- Overview
- Note: This paper describes how to decide what subset of a cube to materialize given a set of constraints cube. The “On the Computation of Multidimensional Aggregates” paper discusses how to efficiently materialize an entire. They are different.
- Lattice Framework
- Sets of attributes naturally form a set lattice where, for example, $(A, B) \preceq (A, B, C)$.
- Moreover, individual attributes can be arranged in hierarchies. For example, $(none) \preceq (year) \preceq (month) \preceq (day)$.
- We can unify these two by considering a product lattice of each attributes lattice. When there are no hierarchies, this is a simple subset lattice.
- Cost Model
- This paper assumes that all queries query are for an entire cuboid ( e.g. queries like
SELECT a, b, SUM(C) FROM R GROUP BY a, b
instead of SELECT a, b, SUM(C) WHERE a 1 = 42 GROUP BY a, b
).
- Moreover, the cost of computing a query $Q$ using a parent cuboid $Q_P$ is the cardinality $|Q_P|$. This cost model is crude, but good enough.
- The sizes of cuboids can be estimated with sampling, or by sampling the number of unique values of each attributes and multiplying them together assuming independence.
- Optimizing Data-Cube Lattices
- First, let’s make a couple of simplifying assumptions.
- Assume our workload queries each cuboid once.
- Assume that we can only choose a fixed number $k$ of the cuboids to materialize (as opposed to a fixed amount of memory).
- A greedy algorithm iteratively (for $k$ steps) picks the view which maximizes the difference in cost with and without the view. This difference in cost is computed as a sum of benefits for each cuboid.
- There is a theoretical bound limiting how bad the greedy algorithm can do. See proof in paper. There is also a theorem stating that no polynomial time algorithm can guarantee a better bound than the greedy algorithm.

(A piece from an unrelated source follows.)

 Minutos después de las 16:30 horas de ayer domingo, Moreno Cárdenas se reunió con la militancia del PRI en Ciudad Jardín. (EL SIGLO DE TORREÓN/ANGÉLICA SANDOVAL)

- Addressing the assumptions:
- When computing the benefit, scale the benefit by the likelihood of a cuboid.
- Instead of using the total benefit of a view, use the total benefit per unit of size.
- The Hypercube Lattice
- When attributes do not have any hierarchies, we get a hypercube lattice.
- The paper describes some analysis of how take advantage of the structure of a hypercube lattice to do better than the greedy algorithm, but the details are complicated, and I don’t understand them.